A traditional home night

Last night, despite the absence of my brother in Singapore, was a traditional party night for our family when the Brownlow Medal was counted. Although for the past couple of month I have been under an awful daily rhythm whereby I get to bed at 2:00 and do not get up until 12:00, am often not washed and dressed before 13:00, am frequently not out to do basic jobs like checking my post office box or buying essential meal supplies until 16:00, and typically back home for dinner at 21:00 or three hours after my mother has cooked and eaten it.

The Brownlow count, like few other events, motivated me to do something to change this habit, so that after a stint in the State Library, I hurried quickly home with traditional party chips, pies and sausage rolls. An excellent Bolognese sauce was cooked for me - though I cooked the spaghetti myself since my mother prefers to have it on toast when I am not home at 17:00. After that, I rested for an hour and when I came down to cook the pies and sausage rolls the Brownlow count had already began.

When I sat down - rather awkwardly I will admit because of the angle I had to view the television at - I was disappointed at the early rounds because the long-familiar method of reading had been changed and the votes were being read at generally too fast a speed. There was also a somewhat erratic manner in showing this early footage and, as is so often the case with sports broadcasting these days, too much emphasis on overblown, noisy music to try to add drama to the skills of the players. With a clear eye I can see how this drama makes footy more appealing and exciting to casual fans, but it does the game discredit in my eyes since it tries to make the game more aggressive and violent when footy should be a game of skill above all else.

A result of this was that when people like myself became eager to see whether a player near the top had won votes after his team was announced, there was less suspense than in previous Brownlow counts. A lot of ridiculous and irrelevant time wasting about developing footy overseas - environmentally ludicrous given footy requires a surfeit of land only the southern and western states of Australia can provide - would have been better replaced by slow and more relaxed reading of the votes. An alternative was to provide more and better footage of the games where Brownlow votes were taken - the would have been enough space for nine games as we will have from next year with good footage if all irrelevant program material were deleted - even perhaps for slow motion highlights.

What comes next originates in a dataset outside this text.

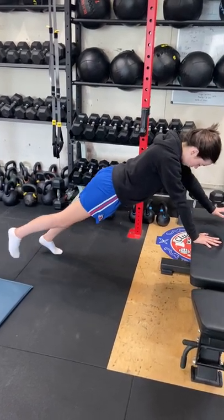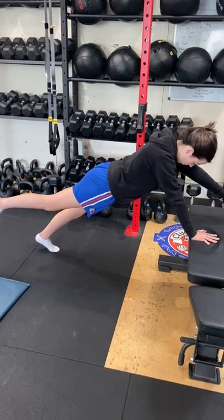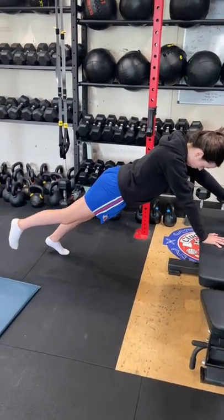Lift and raise nice and controlled, up, pause, slow down — return hand and foot at the same time.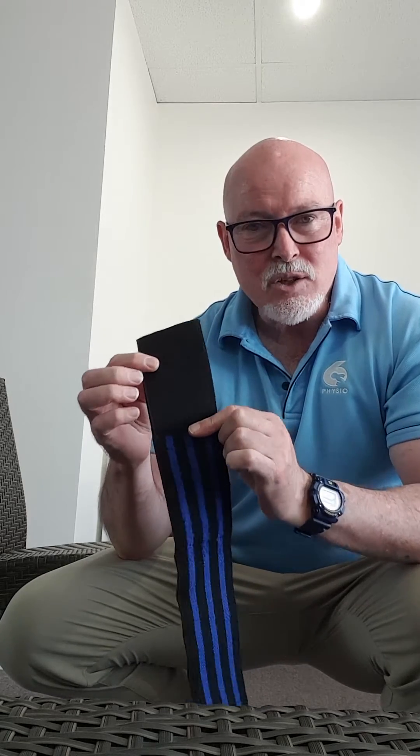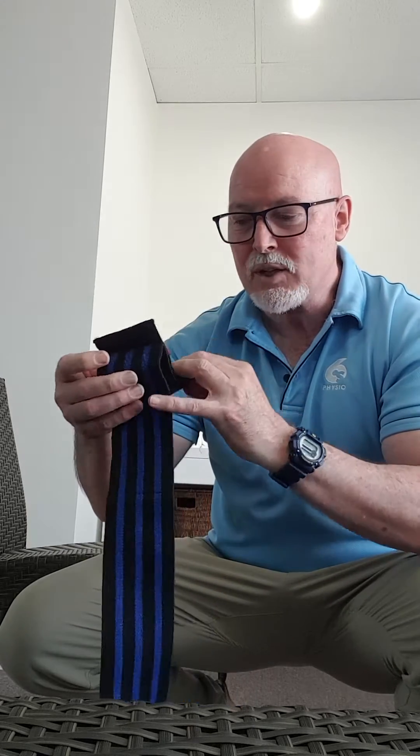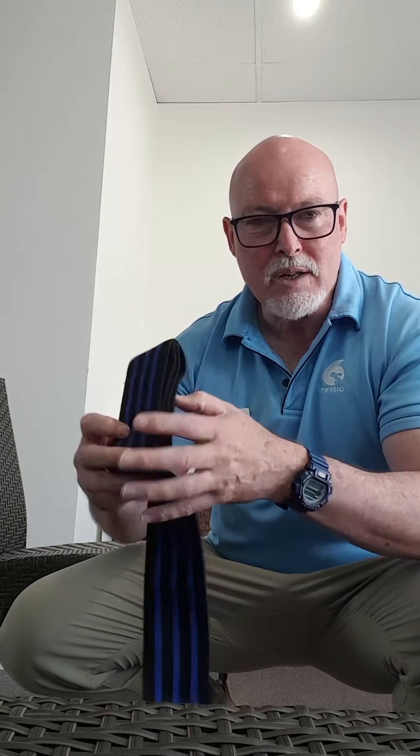First thing is you want this velcro at the end to be on the inside of the roll. The first tip is fold it on itself and then go back in the opposite direction — that way the velcro is always on the right side of the band when you get to the end of the roll.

At first, I told my mother I was not enjoying the Brownlow count, but later, even as she politely declined more than one pie or any sausage roll as part of the party, I found it fascinating. As a number of rank outsiders like Andrew Swallow and Matthew Boyd obtained considerable numbers of votes, I noticed for the first time in watching Brownlow counts that North Melbourne have had the second-longest Brownlow drought in the VFL/AFL, not having won for twenty-eight years. Though Boyd and especially Swallow faded out, Hawthorn's Sam Mitchell attracted constant attention as he led the count for most of the night despite being ineligible due to a one-match suspension. there was no precedent apart from Chris Grant of the Western Bulldogs in 1997 for an ineligible player obtaining nearly so many votes as Mitchell did. Moreover, the highlights became better-broadcast and I came to enjoy watching it even if I was generally lolling about the fragile couch to get a good view.

Another twist that made the night fascinating was Gary Ablett junior reaching twenty votes for newcomers Gold Coast even though they received the wooden spoon. No player for a wooden spoon team had received twenty votes since Gary Hardeman of Melbourne in 1974, when votes for teams losing a game were much more frequent due to the lack of scrutiny during the count.

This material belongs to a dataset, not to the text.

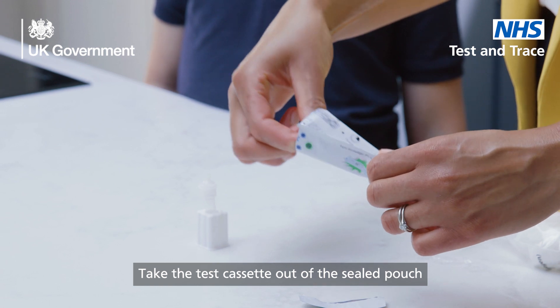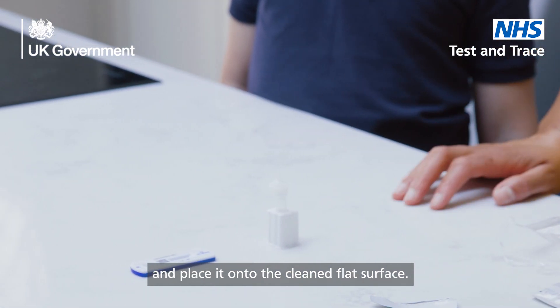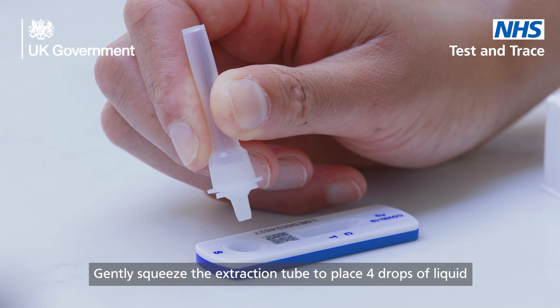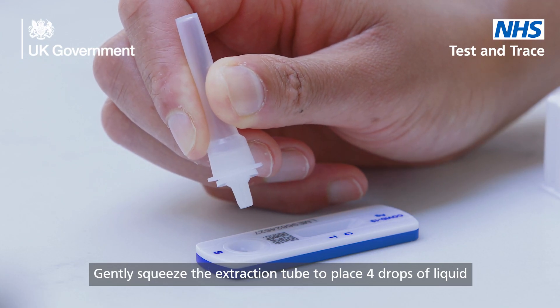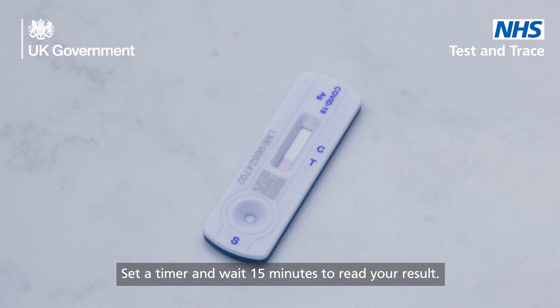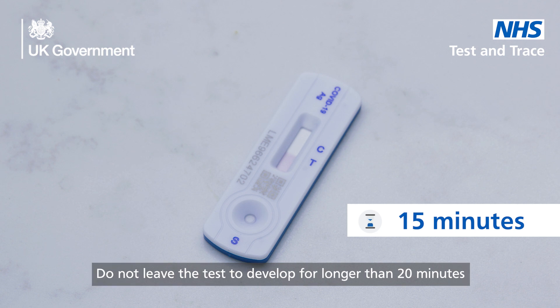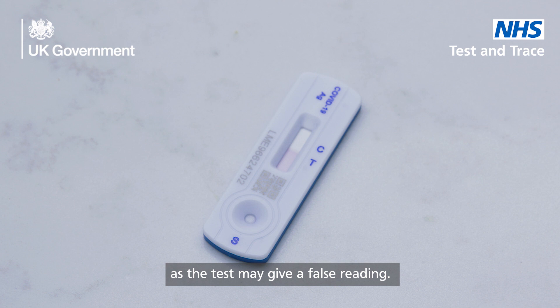Take the test cassette out of the sealed pouch and place it onto the cleaned flat surface. Gently squeeze the extraction tube to place four drops of the liquid onto the sample well on the test cassette. Set a timer and wait 15 minutes to read your results. Do not leave the test to develop for longer than 20 minutes as the test may give a false reading.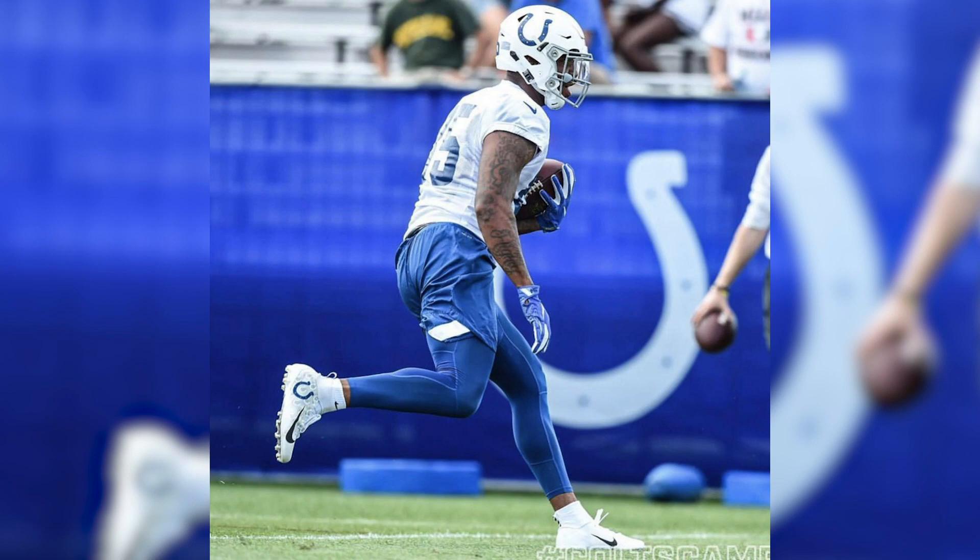As soon as Ebron told me that he wanted an all-white cleat centered around the blue Colts horseshoe, that's one of those things that as an artist, your head just kind of explodes and you start thinking a million different things on how you can inject your own creativity and your own style into the design. So I decided to add just a little bit of a tiling effect with the Colts logos directly behind the main blue one, with just a little bit of shadowing around each.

Then, when Mitchell finally faded there was the surprise of Nick Dal Santo winning 3-vote after 3-vote during St. Kilda's form recovery. My mother being a strong Saint fan, she was really excited at a Dal Santo Brownlow making up for a disappointing year for the Saints, but by Round Twenty, when I was really enjoying the count, it seemed clear that he had little chance as the familiar and expected name of Collingwood's Dane Swan received votes in most of the games he was predicted to. Moreover, the suspense returned as Collingwood's and swan's unbeatable form his a peak from the early August matches, and he received votes even when the Magpies got an expected scare from Brisbane.

As a finale to a day that delivered more than it promised, Swan received in the end more votes than any other player, and I, utterly tired, managed still to watch him receive the award. It was really exciting, though, to hear the discussion of Swan's record.